Contents
BALAKOSA
Bab 3: BERITA UNTUK KUMALA
Kicauan burung dan sinar mentari pagi membangunkan pasangan ini dari tidur lelap mereka. Hanggono melihat jam, pukul 9.30 pagi. Mereka pulas tertidur setelah beberapa hari yang berat. Kumala bangkit lebih dulu. Setelah mendaratkan ciuman pagi di kening Hanggono, ia beranjak ke dapur. Hanggono masih menikmati sisa-sisa kantuknya sambil menatap ke luar jendela. Langit terlihat jernih dan awan tampak begitu dekat. Apa yang akan aku lakukan dari sekarang? pikirnya. Siang ini mereka ada janji untuk bertemu dengan Pak Kamajaya. Tapi jika dipikir-pikir ia sendiri baru bertemu dengan pria ini kemarin. Semua kontak lewat istrinya. Ada hubungan apa mereka?

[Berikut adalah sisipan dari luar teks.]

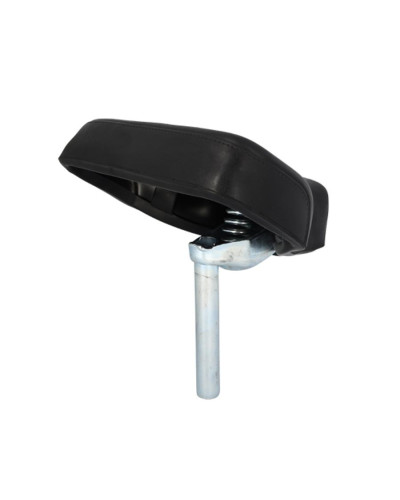 Selle noire Peugeot 103 MBK 51 Motobécane 88 assise 260 x 270 mm tige Ø25 mm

Bau wangi kopi diseduh merebak di rumah sempit ini. Hanggono tidak tahan untuk tetap tiduran. Ia bangkit menuju dapur. Di sana Kumala sedang menghangatkan makanan. Hanggono memandangi istrinya. Inilah berumah tangga yang sebenarnya. Senyumnya mengembang. Ada rasa hangat dan kebahagiaan walaupun kondisi mereka serba tidak menguntungkan. Ia cuci muka dan duduk di depan meja kecil di dapur, tempat Kumala meletakkan secangkir kopi dan sisa makanan semalam di sana.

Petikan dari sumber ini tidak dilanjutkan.